I looked at all the different types of countertop paints. Most required an artist's eye and the ability to make several layers of paint look like stone. At $150 these kits weren't really cheap, and if you didn't have the knack to make it look good then the money would be wasted.

I finally came across a product I thought had the greatest chance of success. The product is by Daich and is made to imitate a soapstone.

According to the video you can watch, you simply roll on a base coat of paint, roll on 2 layers of the rock chips, and then roll on 2 protective topcoats. No artistic design needed.

There are 6 or 7 different colors to choose from; we choose this one called "Natural White". It isn't a bright white, but a soft off-white.
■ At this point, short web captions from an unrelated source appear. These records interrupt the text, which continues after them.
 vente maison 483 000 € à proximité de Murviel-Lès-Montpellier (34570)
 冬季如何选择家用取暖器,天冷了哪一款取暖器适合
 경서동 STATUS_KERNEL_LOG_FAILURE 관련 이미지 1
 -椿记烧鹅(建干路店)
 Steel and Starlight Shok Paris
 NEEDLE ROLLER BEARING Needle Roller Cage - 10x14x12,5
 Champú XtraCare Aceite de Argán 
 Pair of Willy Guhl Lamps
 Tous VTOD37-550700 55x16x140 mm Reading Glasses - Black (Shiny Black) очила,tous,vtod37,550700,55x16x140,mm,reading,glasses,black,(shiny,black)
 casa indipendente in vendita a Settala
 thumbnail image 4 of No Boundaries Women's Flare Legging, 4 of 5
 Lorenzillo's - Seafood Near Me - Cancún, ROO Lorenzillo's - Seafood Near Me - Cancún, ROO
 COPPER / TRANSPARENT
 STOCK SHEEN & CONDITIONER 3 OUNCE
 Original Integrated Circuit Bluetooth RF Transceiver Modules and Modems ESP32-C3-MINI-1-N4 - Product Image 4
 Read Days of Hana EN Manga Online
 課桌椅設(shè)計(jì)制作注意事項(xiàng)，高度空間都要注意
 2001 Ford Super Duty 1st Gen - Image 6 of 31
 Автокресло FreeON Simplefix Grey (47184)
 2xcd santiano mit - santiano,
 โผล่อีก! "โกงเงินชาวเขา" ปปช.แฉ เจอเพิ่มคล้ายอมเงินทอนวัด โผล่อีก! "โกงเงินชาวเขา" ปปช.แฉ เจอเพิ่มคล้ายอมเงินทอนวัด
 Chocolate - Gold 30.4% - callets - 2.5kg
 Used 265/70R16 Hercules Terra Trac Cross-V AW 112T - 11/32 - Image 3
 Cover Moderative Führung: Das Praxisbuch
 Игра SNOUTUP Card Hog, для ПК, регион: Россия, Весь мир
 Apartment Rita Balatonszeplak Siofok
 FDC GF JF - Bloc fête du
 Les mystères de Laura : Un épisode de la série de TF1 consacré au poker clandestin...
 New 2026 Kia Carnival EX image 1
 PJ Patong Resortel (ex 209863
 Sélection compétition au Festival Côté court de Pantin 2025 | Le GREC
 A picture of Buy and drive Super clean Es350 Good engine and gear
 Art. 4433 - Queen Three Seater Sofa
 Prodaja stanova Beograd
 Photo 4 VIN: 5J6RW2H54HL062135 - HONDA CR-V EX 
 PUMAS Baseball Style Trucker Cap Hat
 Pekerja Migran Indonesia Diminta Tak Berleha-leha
I ordered one kit from Home Depot, and was pleased that it came in two days earlier than estimated. These are the countertops we started with.

(Yes, that drawer front is missing, but that gets done another day). The first thing we had to do was sand the countertops to remove the shine. Then patch any cracks. As the surface of the countertop was the original late '60's formica, there were cracks! We filled them with spackle and then sanded it smooth when dry.

We also tapped off anything we didn't want painted and covered the sink and faucet with plastic. We planned to re-do the backsplash so it wasn't covered.

It was time to break out the kit! I was a little nervous as I had never tried this before and it cost $125 for the kit (and it wasn't my house). We rolled on the base layer of paint. It was very easy to do, a little thicker than standard paint; more like pudding. However, it rolled on easily and smoothly with no overlap lines. It also dried beautifully.

On to the stone layer. We found that having one person roll on the stone and the second person coming behind and moving the stone around with a plastic putty knife worked really well. The stone could easily be moved around so that it was spread out evenly.

It was also very easy to apply to the vertical edges of the countertop. We applied 2 coats of stone with drying time in-between. We let it dry overnight and sanded it the next day. We preferred a slight texture rather than a slick, smooth finish so the sanding didn't take a lot of time.

After applying 2 layers of topcoat, we were done! I will say that this was very easy and it looks just the way it is advertised! No special painting techniques, no special skills.

It has been 6 months since this was done and the countertops are still beautiful and look the same as the day we finished!

I am very pleased with this product and the kitchen countertops look great. Since we left a slight texture they also have the "feel" of stone. The countertops made a huge difference in the kitchen. Of course, we aren't done yet. We'll move on to the cabinets and backsplash next.